Television in the United States
- Network: TNN
- Announcers: Eli Gold, Dick Berggren, Buddy Baker

Radio in the United States
- Radio: Motor Racing Network

= 1999 MBNA Platinum 400 =

13th race of the 1999 NASCAR Winston Cup Series

The 1999 MBNA Platinum 400 was the 13th stock car race of the 1999 NASCAR Winston Cup Series season and the 31st iteration of the event. The race was held on Sunday, June 6, 1999, in Dover, Delaware at Dover International Speedway, a 1-mile (1.6 km) permanent oval-shaped racetrack. The race took the scheduled 400 laps to complete. Depending on fuel mileage, Joe Gibbs Racing driver Bobby Labonte would manage to save enough fuel to almost lap the field to win his eighth career NASCAR Winston Cup Series victory and his first of the season. To fill out the podium, Hendrick Motorsports driver Jeff Gordon and Roush Racing driver Mark Martin would finish second and third, respectively.

== Background ==

The layout of Dover International Speedway, the venue where the race was held.

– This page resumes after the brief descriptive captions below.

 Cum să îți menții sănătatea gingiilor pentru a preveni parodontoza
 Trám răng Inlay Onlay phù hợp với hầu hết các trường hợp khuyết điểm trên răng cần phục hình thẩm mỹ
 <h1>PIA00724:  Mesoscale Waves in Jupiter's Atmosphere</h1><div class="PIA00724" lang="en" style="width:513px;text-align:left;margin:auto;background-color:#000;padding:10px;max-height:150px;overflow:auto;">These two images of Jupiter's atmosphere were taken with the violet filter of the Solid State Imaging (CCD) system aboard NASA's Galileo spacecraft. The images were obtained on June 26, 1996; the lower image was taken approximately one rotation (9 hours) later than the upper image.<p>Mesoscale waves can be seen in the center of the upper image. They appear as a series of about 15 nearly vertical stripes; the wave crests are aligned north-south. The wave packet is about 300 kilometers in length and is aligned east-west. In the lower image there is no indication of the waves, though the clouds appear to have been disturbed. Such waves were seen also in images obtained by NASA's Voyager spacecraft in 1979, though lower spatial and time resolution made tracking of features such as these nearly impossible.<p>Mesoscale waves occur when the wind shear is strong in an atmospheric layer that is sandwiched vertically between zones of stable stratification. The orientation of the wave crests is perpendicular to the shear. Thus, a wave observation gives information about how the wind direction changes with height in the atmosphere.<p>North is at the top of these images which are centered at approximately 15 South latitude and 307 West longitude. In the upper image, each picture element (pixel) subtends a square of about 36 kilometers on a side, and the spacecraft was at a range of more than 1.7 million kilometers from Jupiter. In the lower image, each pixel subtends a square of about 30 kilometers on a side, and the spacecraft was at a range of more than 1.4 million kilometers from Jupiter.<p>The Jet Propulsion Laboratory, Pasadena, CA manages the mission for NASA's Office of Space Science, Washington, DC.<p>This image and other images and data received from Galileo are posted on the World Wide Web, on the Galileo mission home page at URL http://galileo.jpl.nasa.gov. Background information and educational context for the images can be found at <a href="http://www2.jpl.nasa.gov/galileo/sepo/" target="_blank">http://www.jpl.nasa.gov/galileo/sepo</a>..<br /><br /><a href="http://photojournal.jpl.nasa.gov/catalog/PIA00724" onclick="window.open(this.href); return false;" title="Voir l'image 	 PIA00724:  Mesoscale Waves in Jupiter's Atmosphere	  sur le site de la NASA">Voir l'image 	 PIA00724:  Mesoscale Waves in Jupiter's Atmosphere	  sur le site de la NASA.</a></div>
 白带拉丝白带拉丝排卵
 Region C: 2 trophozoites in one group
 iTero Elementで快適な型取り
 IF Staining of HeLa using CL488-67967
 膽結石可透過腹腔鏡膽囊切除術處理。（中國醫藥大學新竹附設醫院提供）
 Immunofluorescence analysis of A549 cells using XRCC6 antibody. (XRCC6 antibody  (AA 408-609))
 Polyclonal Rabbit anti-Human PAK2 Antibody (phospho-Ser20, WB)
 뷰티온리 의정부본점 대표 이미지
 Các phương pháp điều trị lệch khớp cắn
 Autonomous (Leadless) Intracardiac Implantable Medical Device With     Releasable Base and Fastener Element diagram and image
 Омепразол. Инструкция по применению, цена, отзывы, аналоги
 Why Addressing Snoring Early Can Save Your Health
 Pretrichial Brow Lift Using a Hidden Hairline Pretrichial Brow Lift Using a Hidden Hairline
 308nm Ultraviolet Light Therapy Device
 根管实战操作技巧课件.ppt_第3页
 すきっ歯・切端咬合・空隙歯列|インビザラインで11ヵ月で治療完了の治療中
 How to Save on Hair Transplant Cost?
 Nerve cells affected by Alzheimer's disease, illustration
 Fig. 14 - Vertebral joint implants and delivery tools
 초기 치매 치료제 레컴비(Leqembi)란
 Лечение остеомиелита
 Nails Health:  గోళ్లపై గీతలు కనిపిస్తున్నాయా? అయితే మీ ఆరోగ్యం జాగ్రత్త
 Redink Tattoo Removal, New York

Dover International Speedway is an oval race track in Dover, Delaware, United States that has held at least two NASCAR races since it opened in 1969. In addition to NASCAR, the track also hosted USAC and the NTT IndyCar Series. The track features one layout, a 1-mile (1.6 km) concrete oval, with 24° banking in the turns and 9° banking on the straights. The speedway is owned and operated by Dover Motorsports.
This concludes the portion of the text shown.